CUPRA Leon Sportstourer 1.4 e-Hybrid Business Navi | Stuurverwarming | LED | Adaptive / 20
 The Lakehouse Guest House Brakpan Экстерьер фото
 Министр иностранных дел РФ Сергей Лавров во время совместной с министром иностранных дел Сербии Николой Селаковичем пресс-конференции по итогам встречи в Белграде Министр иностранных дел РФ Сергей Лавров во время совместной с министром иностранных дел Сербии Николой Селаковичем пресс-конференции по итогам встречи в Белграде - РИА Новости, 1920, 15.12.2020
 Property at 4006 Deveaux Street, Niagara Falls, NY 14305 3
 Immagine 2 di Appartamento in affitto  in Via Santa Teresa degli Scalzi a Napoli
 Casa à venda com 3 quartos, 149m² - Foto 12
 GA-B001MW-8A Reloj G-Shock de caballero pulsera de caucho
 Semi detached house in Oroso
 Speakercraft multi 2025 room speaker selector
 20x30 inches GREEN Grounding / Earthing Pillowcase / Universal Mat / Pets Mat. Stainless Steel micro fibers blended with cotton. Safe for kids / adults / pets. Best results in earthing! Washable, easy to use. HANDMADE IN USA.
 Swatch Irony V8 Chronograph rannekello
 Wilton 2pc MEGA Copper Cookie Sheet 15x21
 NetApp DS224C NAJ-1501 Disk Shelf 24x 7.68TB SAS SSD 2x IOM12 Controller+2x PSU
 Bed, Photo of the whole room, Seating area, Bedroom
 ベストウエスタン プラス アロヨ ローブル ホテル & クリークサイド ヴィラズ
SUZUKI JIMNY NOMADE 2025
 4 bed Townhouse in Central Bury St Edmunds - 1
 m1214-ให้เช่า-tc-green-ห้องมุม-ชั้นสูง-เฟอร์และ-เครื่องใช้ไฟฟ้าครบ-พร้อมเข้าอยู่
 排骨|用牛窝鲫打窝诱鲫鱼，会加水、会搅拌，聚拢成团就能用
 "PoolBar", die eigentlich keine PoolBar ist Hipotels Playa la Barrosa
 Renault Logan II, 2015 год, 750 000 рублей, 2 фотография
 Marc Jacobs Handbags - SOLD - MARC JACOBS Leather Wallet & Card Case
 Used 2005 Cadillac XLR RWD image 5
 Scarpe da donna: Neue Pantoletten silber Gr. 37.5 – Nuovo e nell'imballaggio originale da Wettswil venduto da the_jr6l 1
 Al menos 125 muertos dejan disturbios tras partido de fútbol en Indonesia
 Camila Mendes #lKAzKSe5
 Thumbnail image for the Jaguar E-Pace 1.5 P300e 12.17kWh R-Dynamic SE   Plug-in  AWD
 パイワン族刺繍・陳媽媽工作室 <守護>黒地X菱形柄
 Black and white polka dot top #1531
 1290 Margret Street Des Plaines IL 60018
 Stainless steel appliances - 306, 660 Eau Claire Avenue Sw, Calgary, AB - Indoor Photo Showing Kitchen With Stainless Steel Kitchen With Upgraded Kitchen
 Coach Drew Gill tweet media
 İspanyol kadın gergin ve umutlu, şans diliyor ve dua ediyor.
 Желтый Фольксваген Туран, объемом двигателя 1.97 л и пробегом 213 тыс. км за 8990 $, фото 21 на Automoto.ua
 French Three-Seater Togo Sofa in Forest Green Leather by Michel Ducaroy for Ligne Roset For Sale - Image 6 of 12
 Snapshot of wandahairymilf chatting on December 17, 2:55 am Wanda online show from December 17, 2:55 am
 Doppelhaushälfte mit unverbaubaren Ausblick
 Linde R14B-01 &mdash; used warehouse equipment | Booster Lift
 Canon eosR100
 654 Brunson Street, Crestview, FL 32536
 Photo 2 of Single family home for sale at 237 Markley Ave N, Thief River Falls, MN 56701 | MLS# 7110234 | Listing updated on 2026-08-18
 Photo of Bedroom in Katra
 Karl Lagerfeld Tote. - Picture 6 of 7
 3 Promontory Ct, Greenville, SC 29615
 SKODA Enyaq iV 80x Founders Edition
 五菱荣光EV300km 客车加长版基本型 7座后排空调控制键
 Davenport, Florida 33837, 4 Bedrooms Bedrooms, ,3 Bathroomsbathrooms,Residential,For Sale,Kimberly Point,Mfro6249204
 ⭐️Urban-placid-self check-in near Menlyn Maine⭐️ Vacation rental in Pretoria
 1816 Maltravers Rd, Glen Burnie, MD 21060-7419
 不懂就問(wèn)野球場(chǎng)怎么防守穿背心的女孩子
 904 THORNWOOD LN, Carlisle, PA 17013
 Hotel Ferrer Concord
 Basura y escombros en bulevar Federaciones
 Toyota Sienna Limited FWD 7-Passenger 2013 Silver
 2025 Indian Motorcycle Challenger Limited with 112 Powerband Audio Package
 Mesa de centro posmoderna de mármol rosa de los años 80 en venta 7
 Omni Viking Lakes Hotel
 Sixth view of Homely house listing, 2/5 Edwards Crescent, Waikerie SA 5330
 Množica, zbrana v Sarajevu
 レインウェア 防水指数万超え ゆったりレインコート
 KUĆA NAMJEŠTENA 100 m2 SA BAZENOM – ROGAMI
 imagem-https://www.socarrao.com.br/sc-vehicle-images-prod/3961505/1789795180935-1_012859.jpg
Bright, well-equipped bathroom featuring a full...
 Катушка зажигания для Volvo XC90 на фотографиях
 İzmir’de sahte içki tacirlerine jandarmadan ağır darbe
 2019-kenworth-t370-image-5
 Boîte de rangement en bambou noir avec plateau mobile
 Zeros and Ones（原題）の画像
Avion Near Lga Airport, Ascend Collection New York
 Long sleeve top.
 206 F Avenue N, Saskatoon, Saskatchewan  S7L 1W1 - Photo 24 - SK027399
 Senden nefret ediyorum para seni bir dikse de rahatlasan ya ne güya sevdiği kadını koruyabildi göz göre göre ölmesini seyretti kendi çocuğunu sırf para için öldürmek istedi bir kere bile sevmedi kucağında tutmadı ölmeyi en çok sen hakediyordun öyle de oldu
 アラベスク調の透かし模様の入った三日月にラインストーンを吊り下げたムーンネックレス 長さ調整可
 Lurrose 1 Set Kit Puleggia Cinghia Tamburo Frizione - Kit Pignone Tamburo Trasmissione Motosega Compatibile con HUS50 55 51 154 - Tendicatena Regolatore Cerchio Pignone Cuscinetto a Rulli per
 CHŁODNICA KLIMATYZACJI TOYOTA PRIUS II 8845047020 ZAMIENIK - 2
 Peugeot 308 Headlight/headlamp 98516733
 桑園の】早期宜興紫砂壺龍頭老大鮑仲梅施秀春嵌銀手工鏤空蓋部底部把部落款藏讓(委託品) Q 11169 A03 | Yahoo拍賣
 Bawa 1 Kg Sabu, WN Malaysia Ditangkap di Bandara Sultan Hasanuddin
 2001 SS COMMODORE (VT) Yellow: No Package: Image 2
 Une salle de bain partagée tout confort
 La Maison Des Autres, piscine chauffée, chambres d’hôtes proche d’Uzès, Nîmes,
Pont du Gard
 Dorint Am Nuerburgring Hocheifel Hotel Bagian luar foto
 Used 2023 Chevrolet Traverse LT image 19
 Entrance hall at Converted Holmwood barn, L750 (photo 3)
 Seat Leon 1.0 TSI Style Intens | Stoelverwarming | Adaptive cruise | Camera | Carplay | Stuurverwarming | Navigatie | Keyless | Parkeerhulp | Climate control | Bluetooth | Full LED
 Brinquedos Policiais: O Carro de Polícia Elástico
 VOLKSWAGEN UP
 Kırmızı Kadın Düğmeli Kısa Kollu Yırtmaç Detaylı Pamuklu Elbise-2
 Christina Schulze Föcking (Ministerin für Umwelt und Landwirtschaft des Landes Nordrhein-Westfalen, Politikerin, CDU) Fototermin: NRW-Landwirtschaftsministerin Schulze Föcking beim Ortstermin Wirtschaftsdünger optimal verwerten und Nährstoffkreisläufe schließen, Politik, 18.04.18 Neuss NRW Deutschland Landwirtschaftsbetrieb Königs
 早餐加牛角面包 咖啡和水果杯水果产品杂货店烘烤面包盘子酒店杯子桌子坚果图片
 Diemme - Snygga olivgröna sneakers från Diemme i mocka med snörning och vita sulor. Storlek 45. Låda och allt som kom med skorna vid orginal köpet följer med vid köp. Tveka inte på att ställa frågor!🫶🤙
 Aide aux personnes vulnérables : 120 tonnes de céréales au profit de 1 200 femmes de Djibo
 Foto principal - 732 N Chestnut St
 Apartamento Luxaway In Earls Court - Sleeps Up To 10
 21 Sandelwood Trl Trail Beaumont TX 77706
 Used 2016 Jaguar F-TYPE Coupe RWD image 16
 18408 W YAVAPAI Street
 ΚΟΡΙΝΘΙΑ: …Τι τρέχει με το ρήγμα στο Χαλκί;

#### Your task
In the entries above, restate word for word the lines between the one holding "Photo of Bedroom in Katra" and the one holding "Omni Viking Lakes Hotel", inclusive, and nothing besides.

#### Completed task
 Photo of Bedroom in Katra
 Karl Lagerfeld Tote. - Picture 6 of 7
 3 Promontory Ct, Greenville, SC 29615
 SKODA Enyaq iV 80x Founders Edition
 五菱荣光EV300km 客车加长版基本型 7座后排空调控制键
 Davenport, Florida 33837, 4 Bedrooms Bedrooms, ,3 Bathroomsbathrooms,Residential,For Sale,Kimberly Point,Mfro6249204
 ⭐️Urban-placid-self check-in near Menlyn Maine⭐️ Vacation rental in Pretoria
 1816 Maltravers Rd, Glen Burnie, MD 21060-7419
 不懂就問(wèn)野球場(chǎng)怎么防守穿背心的女孩子
 904 THORNWOOD LN, Carlisle, PA 17013
 Hotel Ferrer Concord
 Basura y escombros en bulevar Federaciones
 Toyota Sienna Limited FWD 7-Passenger 2013 Silver
 2025 Indian Motorcycle Challenger Limited with 112 Powerband Audio Package
 Mesa de centro posmoderna de mármol rosa de los años 80 en venta 7
 Omni Viking Lakes Hotel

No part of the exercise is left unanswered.